Task goal :: Please give back the listing exactly, without any of its pictures.

Information shown ::
..............................
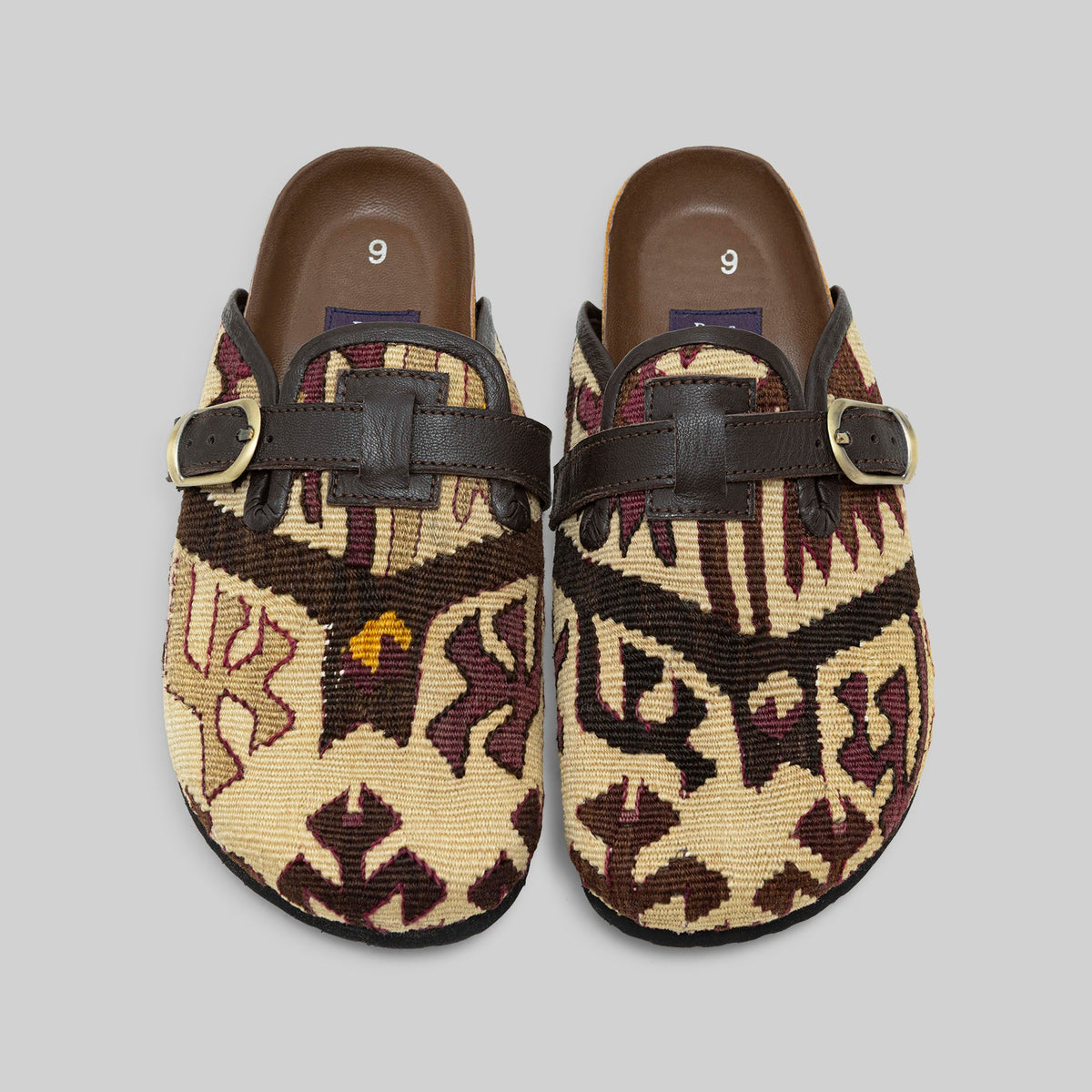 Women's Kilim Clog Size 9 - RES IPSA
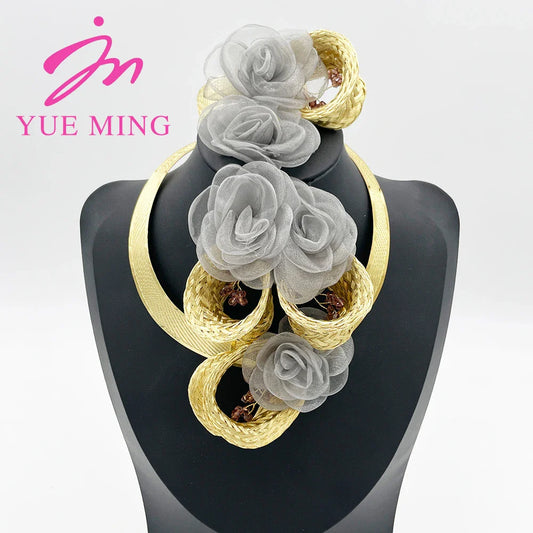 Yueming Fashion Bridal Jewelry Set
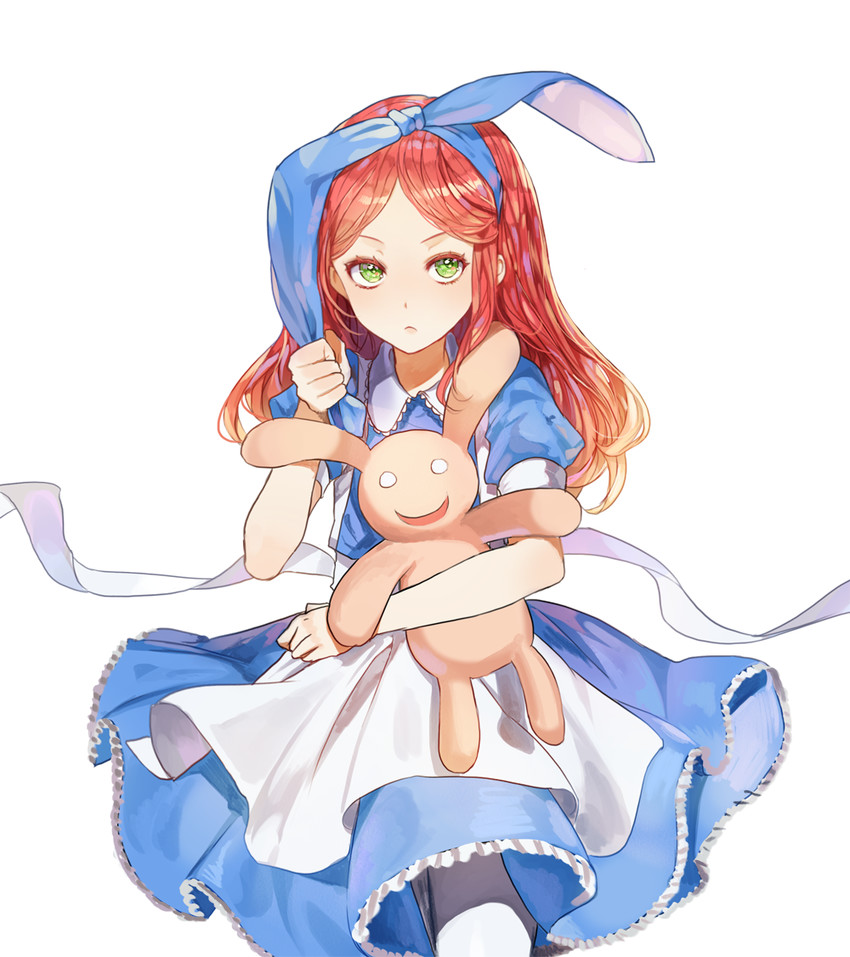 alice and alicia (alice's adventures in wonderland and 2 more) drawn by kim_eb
..............................
Reply to the exercise ::
 Women's Kilim Clog Size 9 - RES IPSA
 Yueming Fashion Bridal Jewelry Set
 alice and alicia (alice's adventures in wonderland and 2 more) drawn by kim_eb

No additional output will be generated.